Desah hujan terdengar seakan mendengungkan keharuan musim ini. Karena pertemuannya dengan tanah gersang yang telah lama merindunya.
Aku kembali ketempat ini, seolah mencoba menostalgiakan ingatan tentang indah yang terlupa. Duduk di meja ujung, tempat kami biasa menghabisakan waktu membagi cerita yang dialami sepekan.
Tersenyum seperti biasa, segelas lemon tea, dan keindahan dari kata-kata yang mengalun keluar dari mulutnya.
Teringat pula hujan, sebagian kaki yang basah, dan sebuah payung hijau.
"Teringat sesuatu?” Tiba-tiba seorang Waitress membuyarkan semuanya.
“Oh, kamu.” Ternyata aku mengenalinya.
"Kapan kau pulang? Sudah lebih baik?” Gadis dengan seragam hitam putih itu tetap berdiri, seolah menunggu pesanan dariku.

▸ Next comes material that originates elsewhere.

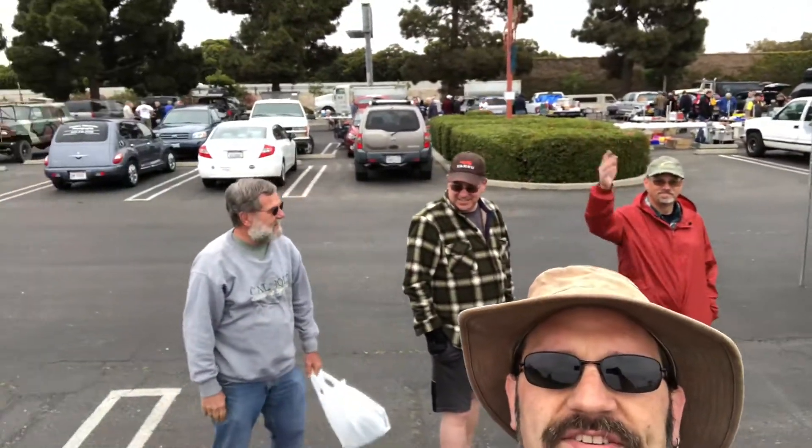Hey everybody, Smitty Halibut here. I'm at my local flea market, Hamfest in Santa Maria. It's not a big Hamfest, but it's our Hamfest and we love it.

Suara piano mulai merambat di seluruh ruangan Café itu. Tampak seorang pianis sedang memainkan jari-jarinya di panggung mini di ujung ruangan.
Melihat gadis itu lagi membuatku kembali meraba simpati yang telah lama terlupa di dasar hati. seolah berusaha melengkapi masa laluku yang akan kucoba gali kembali.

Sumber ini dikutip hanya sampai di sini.